- Task details:
The lines wanted are those in the data below that include "Party".

- Short web captions:
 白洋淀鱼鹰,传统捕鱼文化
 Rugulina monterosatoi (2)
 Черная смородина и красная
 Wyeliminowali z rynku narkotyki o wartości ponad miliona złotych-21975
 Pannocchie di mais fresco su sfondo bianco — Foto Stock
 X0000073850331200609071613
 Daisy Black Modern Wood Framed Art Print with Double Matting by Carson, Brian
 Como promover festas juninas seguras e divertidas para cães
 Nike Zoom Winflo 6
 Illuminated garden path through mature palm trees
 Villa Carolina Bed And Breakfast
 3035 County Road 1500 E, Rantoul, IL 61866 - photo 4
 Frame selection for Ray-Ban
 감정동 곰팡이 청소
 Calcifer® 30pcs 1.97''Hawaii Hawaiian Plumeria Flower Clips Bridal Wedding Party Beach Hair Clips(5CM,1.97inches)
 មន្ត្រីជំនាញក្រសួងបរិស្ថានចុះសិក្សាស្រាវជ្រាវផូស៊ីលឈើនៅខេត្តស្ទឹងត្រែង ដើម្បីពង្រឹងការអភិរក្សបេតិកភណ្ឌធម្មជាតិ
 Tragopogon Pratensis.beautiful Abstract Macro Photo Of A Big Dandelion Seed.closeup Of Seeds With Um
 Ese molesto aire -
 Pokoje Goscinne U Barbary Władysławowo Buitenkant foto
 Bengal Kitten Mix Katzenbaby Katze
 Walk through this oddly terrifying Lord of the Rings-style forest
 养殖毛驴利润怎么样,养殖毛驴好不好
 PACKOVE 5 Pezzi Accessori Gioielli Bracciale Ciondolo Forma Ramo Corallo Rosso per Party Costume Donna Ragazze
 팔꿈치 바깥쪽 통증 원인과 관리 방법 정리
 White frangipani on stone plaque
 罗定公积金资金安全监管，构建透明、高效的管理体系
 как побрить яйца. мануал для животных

- Response for this exercise:
 Calcifer® 30pcs 1.97''Hawaii Hawaiian Plumeria Flower Clips Bridal Wedding Party Beach Hair Clips(5CM,1.97inches)
 PACKOVE 5 Pezzi Accessori Gioielli Bracciale Ciondolo Forma Ramo Corallo Rosso per Party Costume Donna Ragazze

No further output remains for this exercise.